Eso podria funcionar, pero ahora lo mejor de todo es que me esta dando este error:

no me deja exportar archivos nada, no se que fue lo que hice!!

Por los momentos tengo que dejar la oficina, pero seguire posteando los resultados

Gracias por la ayuda y tu tiempo en escribir y tratar de ayudarme, acepta la solicitud y te estare informando de los resultados.

Saludos


----------



## D@rkbytes (Mar 28, 2014)

El procedimiento para recuperar el valor de fábrica de OSCCAL es igual al que se trató por aquí: *Consulta de osccal del 12f629*

Solo que en los 12F508 se encuentra en la dirección 0x1FF y en el 12F509 en la dirección 0x3FF
También existe una locación reservada para un backup de los bits de OSCCAL: 12F508 = 0x204 y 12F509 = 0x404
El programador no borra esas direcciones, pero se pueden borrar por accidente.
Cuando eso sucede, se puede leer esa dirección y obtener el valor de fábrica el cual deberá ser escrito nuevamente en la última dirección de memoria RAM del PIC.

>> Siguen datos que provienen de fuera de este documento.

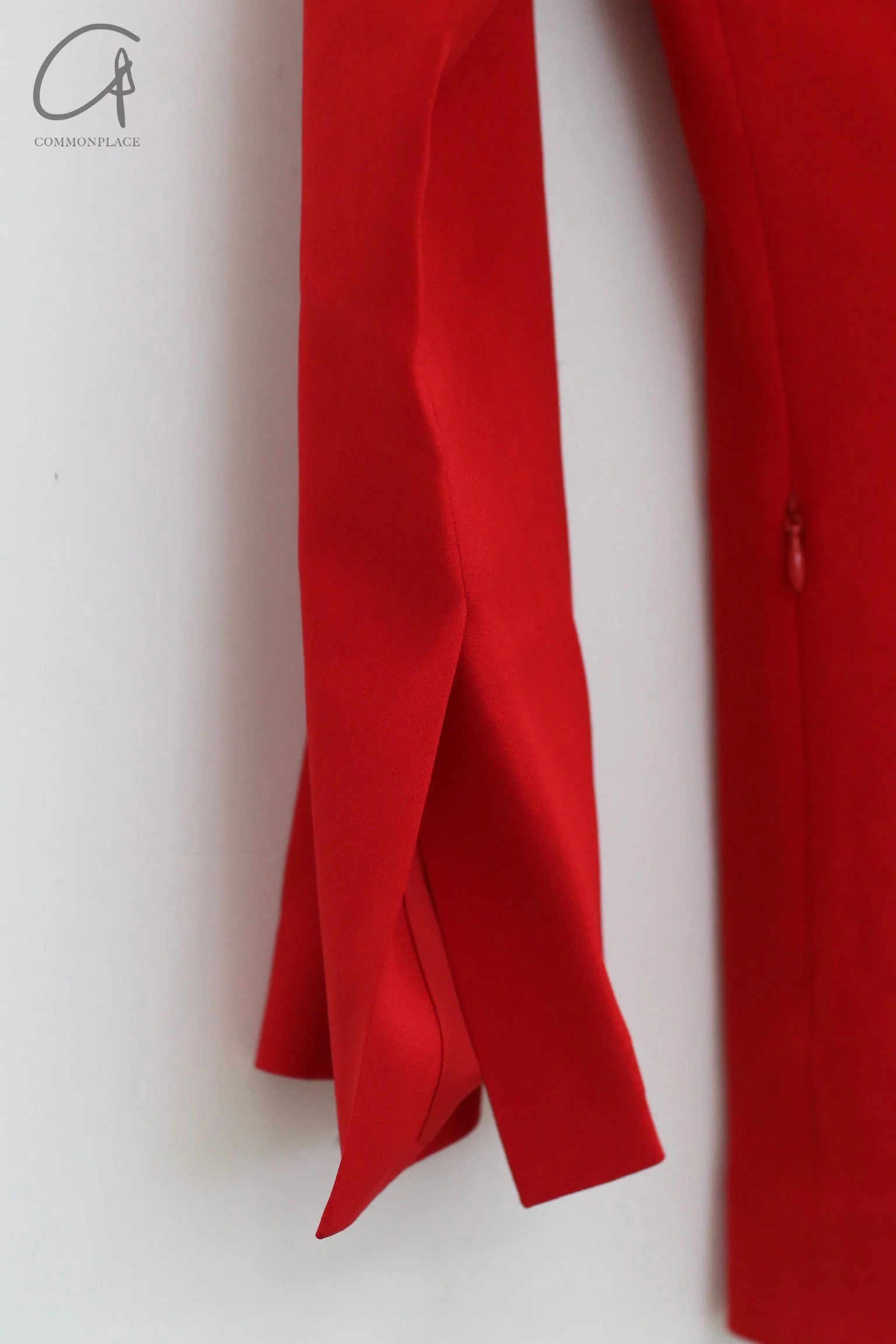 OUDE WAAG Draped Waist Blazer OW-22SS-JK04 Red - Image 6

En los PIC12F6XX lo que se encuentra en la última dirección es un RETLW 0xXX
Dónde 0xXX es el valor de calibración para el registro OSCCAL.
Al leer esa dirección se mira algo como esto 3430 (34 = RETLW y 30 el valor para OSCCAL)

En los PIC12F508/509 la lectura encontrada es un MOVLW 0xXX
Aquí se verá algo así por ejemplo: 0C30 (0C = MOVLW y 30 el valor para OSCCAL)

Dirección de Backup de OSCCAL en PIC12F508


Lectura de un PIC12F508 en la dirección 0x1FF


Esta herramienta que yo escribí puede recuperar un valor muy  cercano al valor de fábrica para OSCCAL
*OSCCAL Recovery Tool*

Sin embargo no escribí el programa para un PIC12F508, el cual adjunto aquí en este post.
Este programa funciona a través del puerto serial, pero también se puede hacer uso de un conversor de USB a puerto serial RS-232 como lo es el chip *FT232RL *

Conexión con FT232RL


Usando el programa para recuperar el valor de fábrica para el oscilador.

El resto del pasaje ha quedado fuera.